As Calculation Agent, Nomura Global Financial Products Inc. will have the authority to make determinations that could affect the market value of your notes.
 
As Calculation Agent for the notes, Nomura Global Financial Products Inc. will have sole discretion in making various determinations that affect your notes, including among other things, the amount of interest paid on each Interest Payment Date. The Calculation Agent will exercise its judgment when performing its functions. For example, if the Reuters page specified in the definition of “6 month USD-LIBOR-BBA”, or a successor page thereto, is not available on any Business Day during the Interest Reference Period, the Calculation Agent will be required to determine the Reference Rate for such date in a commercially reasonable manner.
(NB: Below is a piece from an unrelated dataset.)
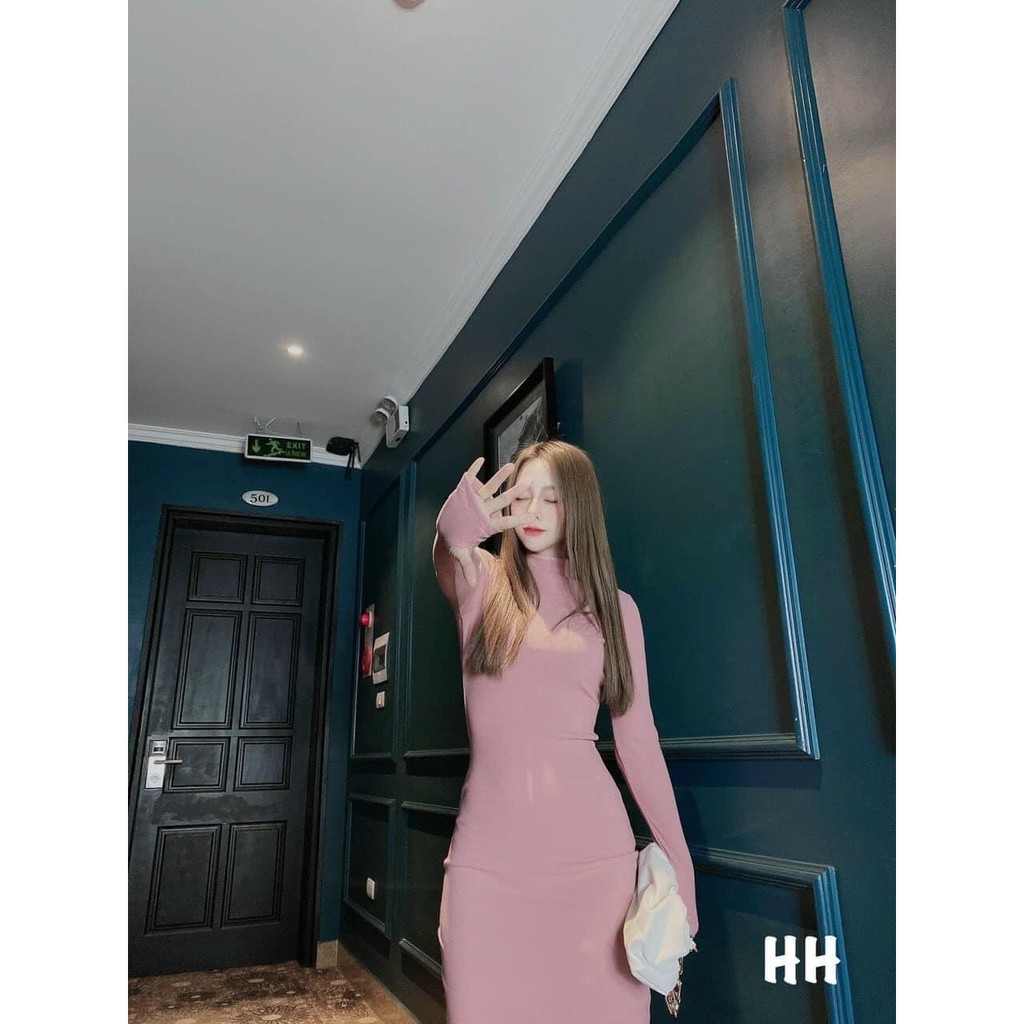 Váy body len tăm tôn dáng 5 màu mã 109 kèm ảnh thật,video)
These determinations by the calculation agent may affect the market value of the notes.
 
Secondary trading in the notes may be limited.
 
The notes are a new issue of securities with no established trading market. The notes will not be listed on any securities exchange or be included in any interdealer market quotation system and there may be little or no secondary market for the notes. In this regard, the agent and its affiliates are not obligated to make a market in the notes. Even if a secondary market for your notes develops, it may not provide significant liquidity, and we expect that transaction costs in any secondary market would be high. As a result, the differences between bid and ask prices for your notes in any secondary market could be substantial. If at any time a third party dealer quotes a price to purchase your notes or otherwise values your notes, that price may be different (higher or lower) than any price quoted by the agent or its affiliates.
 
Tax consequences.
 
The notes will be treated as debt instruments subject to special rules governing contingent payment debt obligations for United States Federal income tax purposes. If you are a U.S. Holder (as defined in the prospectus), you generally will be required to pay taxes on ordinary income from the notes over their term based on the comparable yield for the notes. This comparable yield is determined solely to calculate the amount on which you will be taxed prior to maturity and is neither a prediction nor a guarantee of what the actual yield will be. In addition, any gain you may recognize on the sale or maturity of the notes will be taxed as ordinary interest income. If you are a secondary purchaser of the notes, the tax consequences to you may be different. For further discussion, see “Taxation in the United States” below and in the accompanying prospectus supplement and prospectus.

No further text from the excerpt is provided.